After the walking tour we took the funicular 1000ft up to the top of one of the 7 mountains surrounding the city (there's actually 9 mountains but a writer thought that Bergen having 7 mountains would mimic Rome having hills would sound better - facts be damned). Anyway, nice view from the top and then a pleasant (but steep in places) 3km walk back down to town.
Atter lunch I forced Barb to go to the Magic Ice Bar - a sub-freezing bar where you get drinks in an ice glass (a small glass shaped ice insert they put in a regular glass) and sit on ice benches to comtemplate the ice scuptures around you (you get the idea that ice is the theme here). It was an experience but I was hoping for more, it was basically just 2 rooms (the bar and a side room) with about 6 life size statues. Worth going to once but I wouldn't go a second time (I'd actually jump naked into the North Sea a second time, that experience grabbed my imagination better).
Then we go through the BA system of "we'll tell you what concouse to use but we won't tell you the gate until 50 min. before departure". It all works out in the end but my advice for future travellers is don't use BA and don't go through Heathrow (that airport is so spread out you have to walk miles get anywhere).
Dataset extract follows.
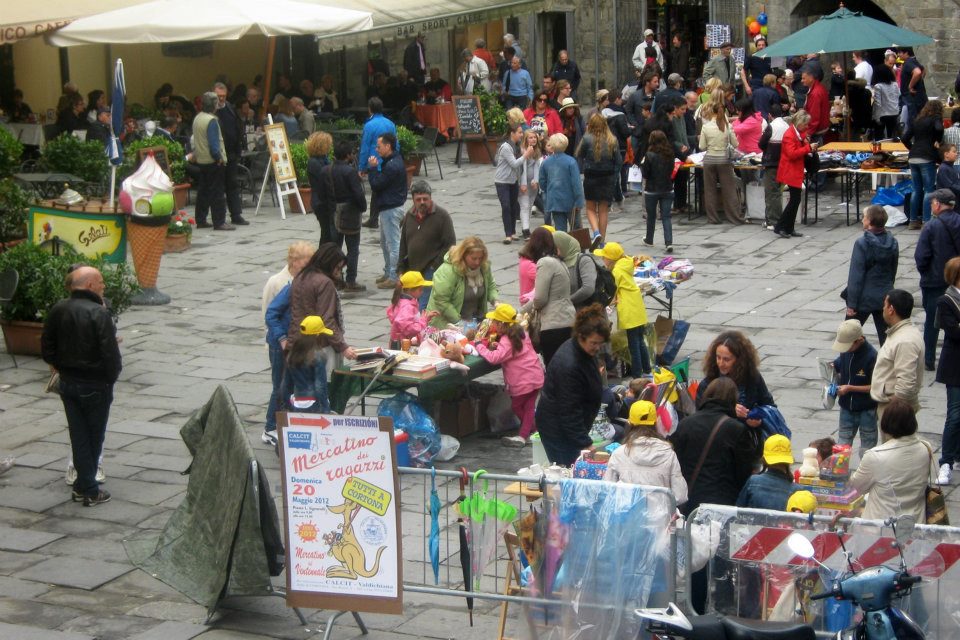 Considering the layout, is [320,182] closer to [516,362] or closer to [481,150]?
[516,362]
After lunch we visited the Edinburgh Castle (entrance was sold out by the time we got there at noon so it was a good thing I planned in advance for once and got the tickets months ago). Lots of interesting things to see, escpecially the Stone of Destiny (the hunk of sandstone that the kings/queens sit on during their cornation).
Interesting tidbit - Barb is descended from the Hay clan and we can't get a scarf in that tartan, every shop we've tried is sold out. What is so special about that tartan?
The Britannia was very impressive, both from the restoration/preservation they've done on it and from the example of royal privilege symbolized by the ship (for a while they actually carried a Rolls Royce on the ship in case the country they were going to didn't have suitable transportation on land - can't have the queen ride around in a plebian sedan). Once you got over the class/status issues (crew members couldn't shout and disturb the royal passengers so they did a lot of things via hand signals) it was a very impressive ship and well worth the visit.
Highlight of the day was the Royal Edinburgh Military Tattoo. Nothing like a troop of ~200 bag pipers to get your attention. It was an hour and a half performance, mainly miliary bands with a few dance numbers. They had a few unexpected twists:
Next we went to the the Palace at Holyrood (Holyrood is gaelic for Holy Cross, theoretically there's a piece of the cross in the abby there but if all holy cross pieces are legitimate then the cross itself would be the size of the Empire State Building so I have my doubts about the provenance of this piece). Lovely place, must be nice to be a royal and have access to it. A lot of the story around the palace centers around Mary, Queen of Scots but she is such a significant figure in scottish history I guess that's not too surprising.
Minor disaster - while juggling the autio guide and my phone I dropped my phone on the cobblstone path and, just like our last trip to Italy, the cobblestones won and I'm in the market for a new phone. I didn't really love this phone anyway (it's too big) so it doesn't bother me too much to replace it but surviving in modern life (even for the 2 days left to get home) without a cell phone could get interesting.
No problem getting our plane to Heathrow although the airport was remarkably busy for 5AM. People in the UK must really like to take early flights.
British Air did it again, I highly recommend you don't use that airline. I asked for a cup of coffee - no problem, that'll be £3. (I've never had to pay for coffee before, even on notoriously stingy US airlines). Then the coffee they provided was a cup of hot water with a large teabag filled with coffee grounds, brew it yourself. And I paid for this privilege.